À la ville comme à la campagne

Comme l'explique l'exposé des motifs, "la concentration d'un nombre d'habitants toujours plus grand, ainsi que l'évolution des pratiques culturelles obligent les politiques publiques à s'adapter constamment à la société dans laquelle nous vivons. C'est notamment le cas dans le domaine de la vie culturelle et festive, qui est devenue une composante importante de l'activité économique de nos territoires ainsi qu'une vitrine du tourisme".

Tout en reconnaissant que "la vie nocturne, mal encadrée, peut être source de nuisances importantes pour le voisinage et occasionner des troubles à l'ordre public, ainsi que des comportements à risque", les auteurs de la proposition de loi rappellent que "la vie culturelle et festive demeure une richesse, dans la mesure où elle constitue un facteur d'attractivité essentiel d'un territoire, [...] le creuset d'une activité économique, ainsi qu'une source inépuisable de diversité culturelle".

Cette coexistence parfois difficile n'est pas l'apanage des zones urbaines, car "la ruralité connaît aussi des problématiques d'ordre et de tranquillité publique liées à la présence d'établissements ou d'événements culturels", à l'image des 1.887 festivals de musique recensés par la Sacem.

L'application de la règle de la "pré-occupation"

Face à cette situation, la proposition de loi affiche son intention de "garantir le libre exercice des établissements et événements culturels tout en assurant la tranquillité des riverains et la sécurité des clients". Pourtant, le texte penche clairement en faveur du premier terme de l'équation.
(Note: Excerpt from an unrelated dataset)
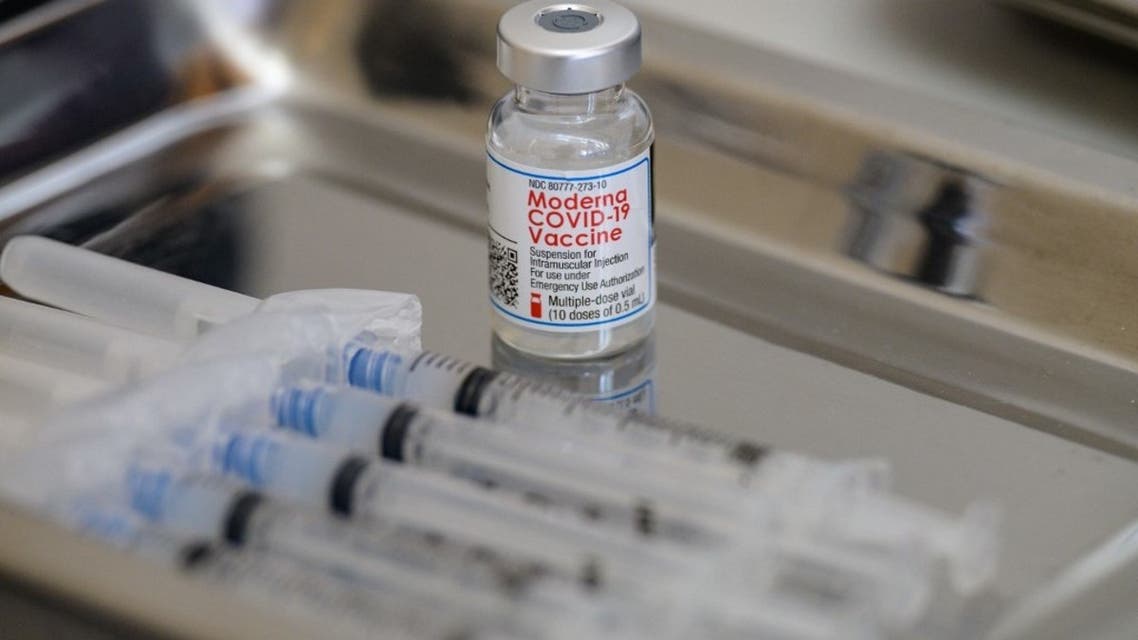 A vial of the Moderna COVID-19 vaccine and syringes sit prepared at a pop up vaccine clinic at the Jewish Community Center on April 16, 2021 in the Staten Island borough of New York City. (AFP)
Il tient en effet en un seul article, qui ajoute les mots "touristiques, culturelles, sportives" à l'article L.112-16 du code de la construction et de l'habitation (CCH). Celui-ci prévoit, dans sa rédaction actuelle, que "les dommages causés aux occupants d'un bâtiment par des nuisances dues à des activités agricoles, industrielles, artisanales, commerciales ou aéronautiques, n'entraînent pas droit à réparation lorsque le permis de construire afférent au bâtiment exposé à ces nuisances a été demandé ou l'acte authentique constatant l'aliénation ou la prise de bail établi postérieurement à l'existence des activités les occasionnant dès lors que ces activités s'exercent en conformité avec les dispositions législatives ou réglementaires en vigueur et qu'elles se sont poursuivies dans les mêmes conditions".

Cette règle dite "de pré-occupation" a ainsi pour conséquence qu'une personne ne peut demander réparation de nuisances si l'installation de la source de ces nuisances est antérieure à la sienne. Si la proposition de loi est adoptée – ce qui est envisageable car elle est portée par l'ensemble du groupe LREM – la règle de la pré-occupation serait étendue aux activités touristiques, culturelles et sportives à compter du 1er janvier 2021. Avec toutefois un bémol de taille : l'article L.112-16 du CCH est très loin de constituer la seule disposition législative susceptible d'être appliquée dans ce type de situations. On voit d'ailleurs bien qu'il n'a même pas été invoqué en défense dans les affaires comme celle du coq Maurice, opposant ruraux et néo-ruraux (voir nos articles ci-dessous).

Référence : proposition de loi visant à mieux protéger les activités sportives, culturelles et touristiques déjà existantes (enregistrée à la présidence de l'Assemblée nationale le 19 novembre 2019).